Golf:Woods verkörpert die große amerikanische Erzählung

Der US-Golfer ist für viele der Beweis, dass sich Träume erfüllen lassen, selbst wenn man am Boden liegt. In seinem Leben musste er schon zahlreiche Widerstände überwinden.

Von Gerald Kleffmann

Jim Nantz ist ein bekannter Sportkommentator in den USA. Seit vielen Jahren überträgt sein Sender CBS das berühmteste Golfturnier der Welt, das Masters in Augusta, Georgia. Es gibt nur wenige, die ein derartiges Gespür für Pathos besitzen wie Nantz. Mit seiner sonoren Stimme kann er berührende Momente noch berührender wirken lassen. Aber an diesem Sonntagabend schwieg er. Zweieinhalb Minuten lang, im Fernsehen eine Ewigkeit. Nantz wusste: Keine Worte konnten diese Augenblicke so gut zur Geltung bringen wie Schweigen. Und so blieben die Zuschauer allein mit Tiger Woods, dem Unnahbaren. Ein Mann, ein Mythos.

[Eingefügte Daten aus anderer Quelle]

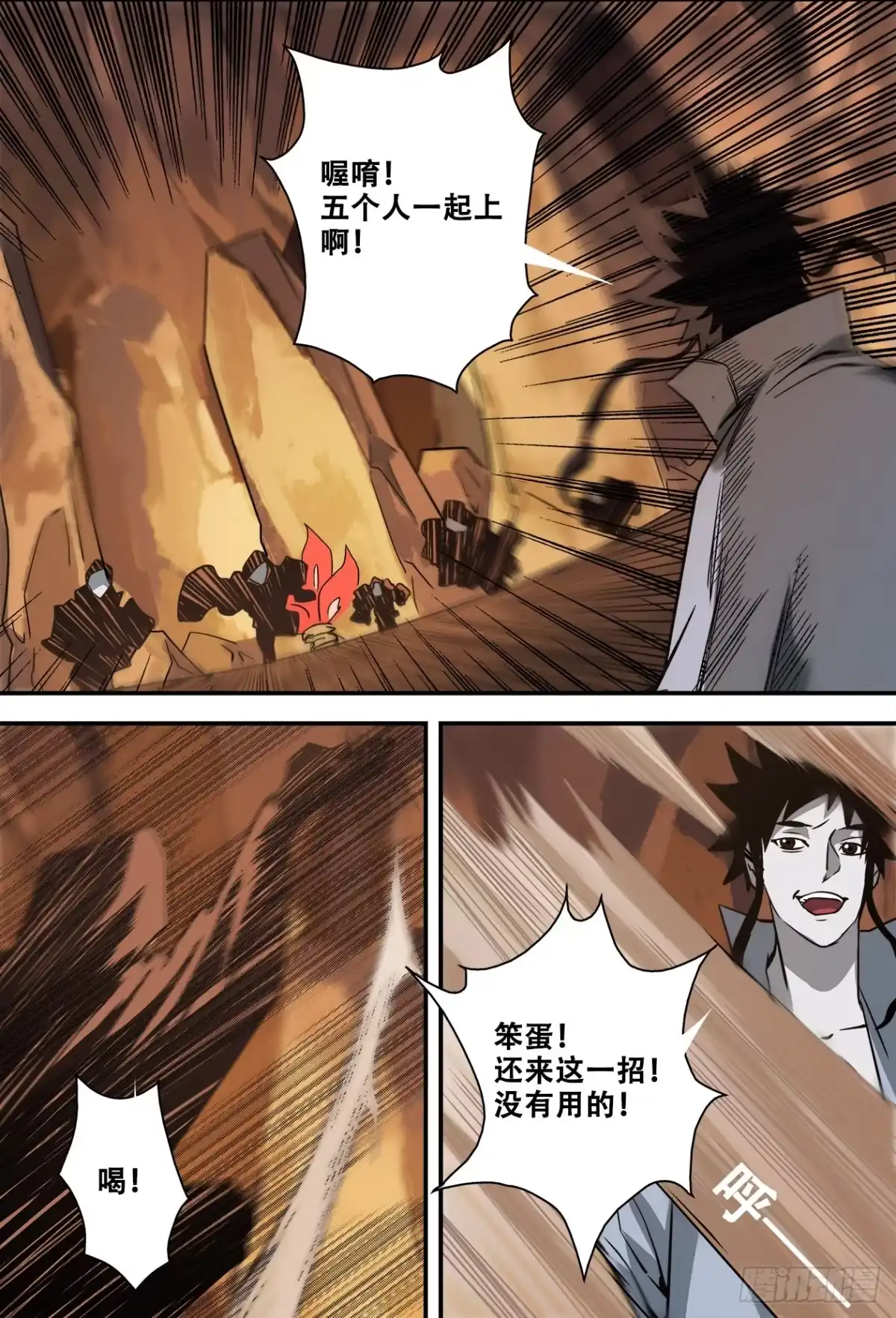 《萨满秘事》019刘伶小队 第4页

Man hörte jeden Jubelschrei des 43 Jahre alten Amerikaners, nachdem er den Ball mit dem letzten Schlag zum Sieg eingelocht hatte. Sah, wie Woods seinen Sohn, dann die Tochter herzte, wie er seiner Mutter einen Kuss gab, den Manager drückte. Immer wieder brüllte er seine Freude heraus. Als Woods weitereilte, teilte sich die Menge, als sei dieser Golfspieler ein Heiliger. Und für viele Anhänger ist er das tatsächlich. Zeit seines Lebens reichte seine Strahlkraft weit über den Sport hinaus.

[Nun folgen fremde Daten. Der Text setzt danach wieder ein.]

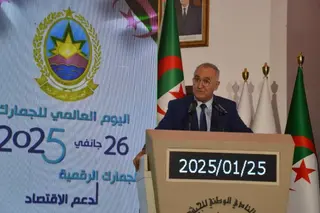 اليوم العالمي للجمارك: فايد يبرز دور الجهاز  الفاعل في دعم نمو  الاقتصاد الوطني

Eldrick Tont "Tiger" Woods trat mit zwei Jahren in einer Fernsehshow vor dem legendären Komiker Bob Hope auf und führte seinen Golfschwung vor. An diesem Sonntag gewann er nun seinen 15. Major-Titel; jedes Jahr werden vier dieser riesigen Veranstaltungen ähnlich wie die Grand-Slam-Turniere im Tennis ausgetragen. Zum fünften Mal wurde Woods nun das hässliche, aber bedeutende grüne Sieger-Jackett in Augusta überreicht. US-Präsident Donald Trump gratulierte mit einem Tweet, ebenso dessen Vorgänger Barack Obama. Die globale Anteilnahme ist gewaltig, und das liegt nicht nur daran, dass Woods elf Jahre lang kein Major gewonnen hat und seit 2005 nicht mehr in Augusta. Woods' Schaffen in all seinen Extremen beinhaltete stets die große amerikanische Erzählung, dass jeder alles erreichen könne, wenn er nur fest genug daran glaube. Er ist für viele der Beweis, dass sich Träume erfüllen lassen, selbst wenn man am Boden liegt.

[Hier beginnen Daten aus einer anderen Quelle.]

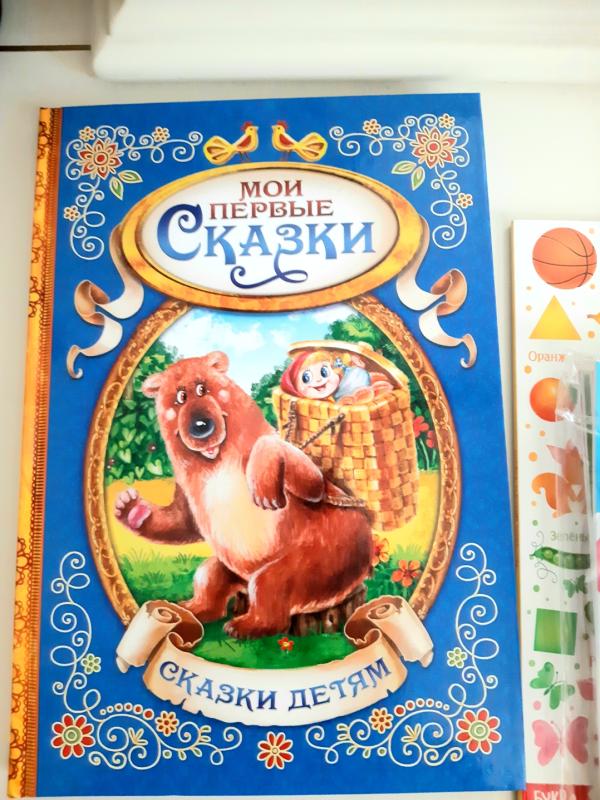 post image 5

Tiger Woods dient seit jeher als Projektionsfigur für alle möglichen Menschen und Anliegen. Anfangs wurde er in die Rolle des Kämpfers für benachteiligte ethnische Gruppen gedrängt. Von Beginn an von seinem Vater Earl, einem Vietnam-Veteranen, intensiv als Golfer gefördert, wenn nicht sogar gedrillt, setzte sich Woods als Dunkelhäutiger in einem Sport durch, in dem die Weißen dominierten. Allerdings hat Woods diese gesellschaftspolitische Rolle nie gemocht, was verständlich wird, betrachtet man seine Herkunft. Der 2006 gestorbene Vater Earl und seine Mutter Kultida bescherten Woods afrikanische, indianische, chinesische, thailändische und holländische Wurzeln. Er selbst sieht sich als "Cablinasian", eben als jemanden mit vielen Abstammungen.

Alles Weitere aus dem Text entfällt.